What all of this adds up to is a very talky, very action-light Bourne movie; so action-light, in fact, that I can't find it in my to call it an action movie, merely a science thriller with a lengthy motorcycle chase scene at the end (and not, I am sad to say, a particularly distinguished one). That could be fine - shaking up expectations can be great fun - except that Gilroy has wholeheartedly adopted the visual aesthetic that Paul Greengrass developed on the second and third movies - the shakycam, the violently counter-continuity editing - and it doesn't gel with Gilroy's storytelling inclinations at all, which is really odd considering that, as screenwriter, his storytelling was already part of the Bourne aesthetic. But it's worth remembering that the entirety of his directorial career has happened since Ultimatum, and perhaps he has learned too much to return to Bourne.

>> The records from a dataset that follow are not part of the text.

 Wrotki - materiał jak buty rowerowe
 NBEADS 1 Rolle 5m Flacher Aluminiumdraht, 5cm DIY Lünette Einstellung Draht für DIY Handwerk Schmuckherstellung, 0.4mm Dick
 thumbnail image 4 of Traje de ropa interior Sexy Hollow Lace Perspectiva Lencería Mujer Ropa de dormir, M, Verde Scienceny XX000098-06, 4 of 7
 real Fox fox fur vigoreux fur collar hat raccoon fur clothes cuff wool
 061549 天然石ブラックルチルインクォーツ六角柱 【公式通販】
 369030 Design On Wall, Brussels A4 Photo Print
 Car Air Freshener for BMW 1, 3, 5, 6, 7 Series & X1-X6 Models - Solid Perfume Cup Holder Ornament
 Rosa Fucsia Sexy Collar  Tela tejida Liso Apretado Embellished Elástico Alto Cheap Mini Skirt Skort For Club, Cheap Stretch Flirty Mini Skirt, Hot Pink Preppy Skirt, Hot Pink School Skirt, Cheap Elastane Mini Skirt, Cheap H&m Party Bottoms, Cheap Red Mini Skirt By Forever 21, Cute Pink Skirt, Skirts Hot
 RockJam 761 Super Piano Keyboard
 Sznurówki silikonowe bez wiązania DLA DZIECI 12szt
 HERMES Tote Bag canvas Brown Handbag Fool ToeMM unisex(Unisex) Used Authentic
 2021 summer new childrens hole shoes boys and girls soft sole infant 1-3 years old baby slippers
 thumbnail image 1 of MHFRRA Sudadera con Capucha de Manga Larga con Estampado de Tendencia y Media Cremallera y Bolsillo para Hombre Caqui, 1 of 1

The worse problem, anyway, is not that Gilroy shouldn't be working with Greengrass's style (there is a simply awful, unwatchably awful shot of a conversation with the camera whirling around it like the water in a flushed toilet, that has to be one of the single worst decisions in any movie I've seen in 2012), but that the script is just so wandering and confused: having built up a huge new world to expand a new demi-franchise into, and then being so endlessly fascinated by all the little filigrees of who and what and when that they can plug in there, Gilroy & Gilroy simply don't give us any stakes worth a damn: Byer is a poor protagonist because he's the villain, Cross because he's so pointedly unknowable, and Shearing because she's entirely reactive, so we don't end up with any reason to care what happens to anybody or why (those who are onboard with Renner doing what Renner does may disagree; I find him to be, for the third consecutive Big Freaking Studio Tentpole Movie, a nuanced blank, and not terribly exciting to watch). Norton and Weisz being top-notch make their characters feel like real people, but not like real people whose ultimate fates are all that important to anything or anybody besides themselves, and there's far too much sense, especially right at the end, that Legacy's biggest priority was setting up a reasonable direction for the inevitable fifth movie.
Thus, instead of a real arc or narrative, we get a whole mess of moments: some of them are lovely, some of them are terrifically intense (a man stalking around a lab, shooting people with a gun, is thriller-making of the highest order), most of them are pretty much just drab, and only a tiny handful are stolen outright from Hanna. It adds up to a movie that is neither very exciting nor intelligent, too intermittently good to throw away, and a film whose best fate is going to be as the one that people talk during when they're having Bourne movie marathons.